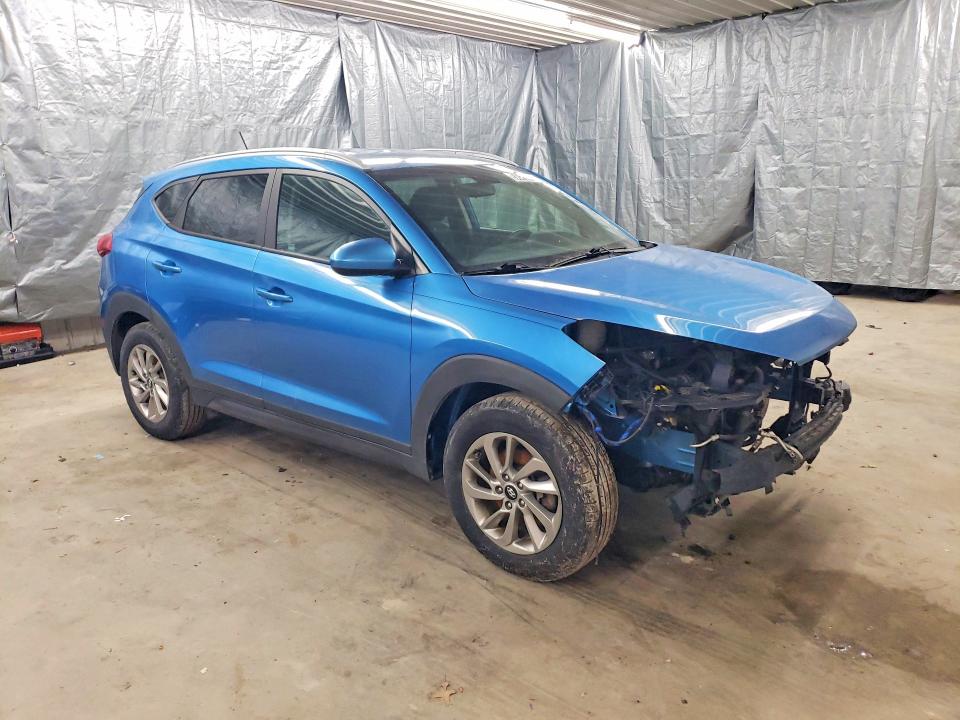 2016 Hyundai Tucson VIN KM8J3CA45GU082899 COPART salvage auction — FRONT END, WV - CERTIFICATE OF TITLE, sold $25 on 2026-07-28 (photo 4)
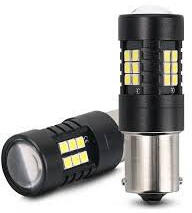 Autolife SMD- 1156-3030-21SMD 2db-os 21W - fehér - 12-80V CANBUS (22247) - l-m-s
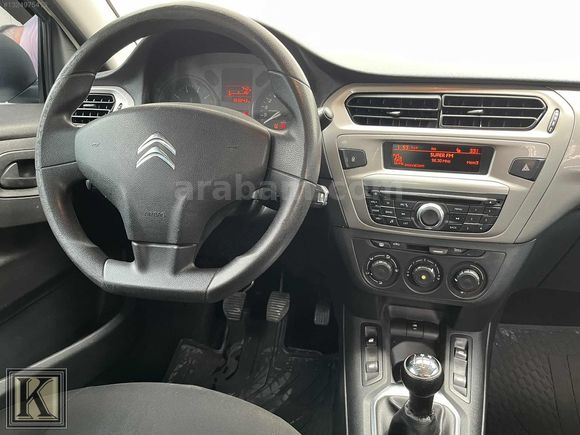 KORKMAZLAR | 2017 CITROEN C-ELYSEE 1.6 HDI
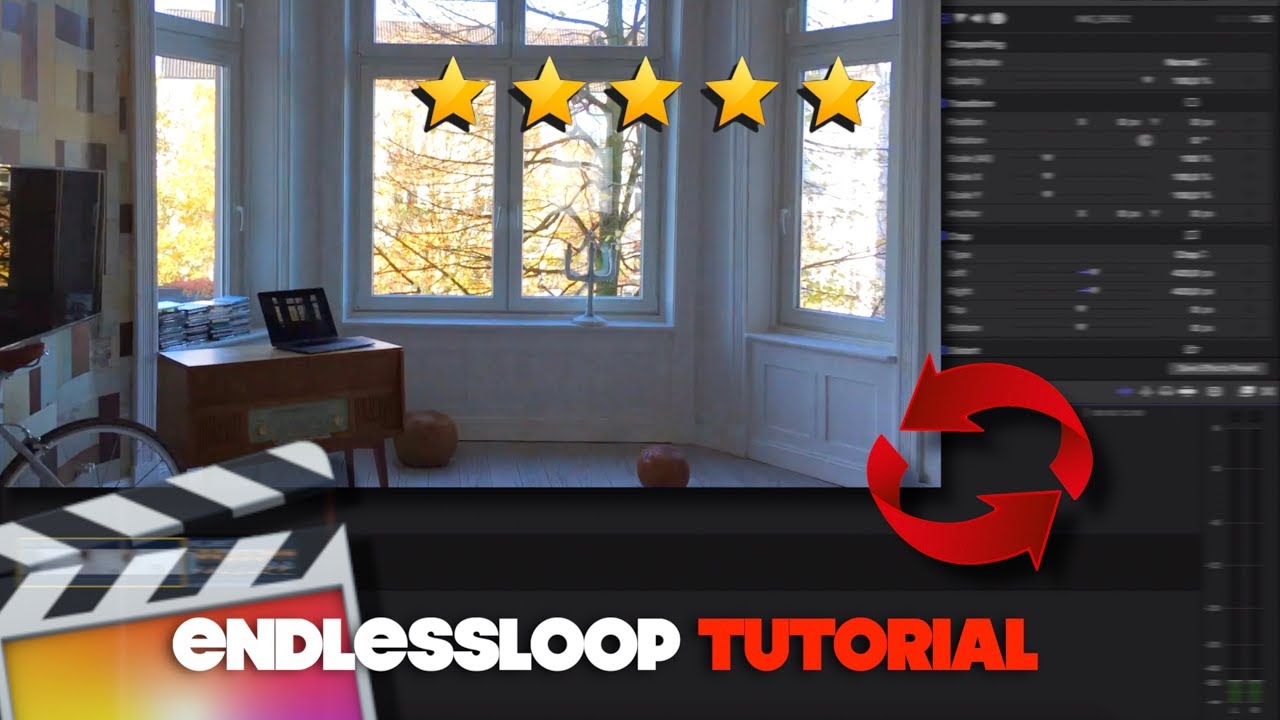 Endlessloop - FCPX Tutorial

• **ABOUT THIS EXERCISE**
A word-for-word copy of the lines from the one with "Autolife SMD- 1156-3030-21SMD" through the last line of the data above is required, with both end lines included and no pictures.

• **RESPONSE BELOW**
 Autolife SMD- 1156-3030-21SMD 2db-os 21W - fehér - 12-80V CANBUS (22247) - l-m-s
 KORKMAZLAR | 2017 CITROEN C-ELYSEE 1.6 HDI
 Endlessloop - FCPX Tutorial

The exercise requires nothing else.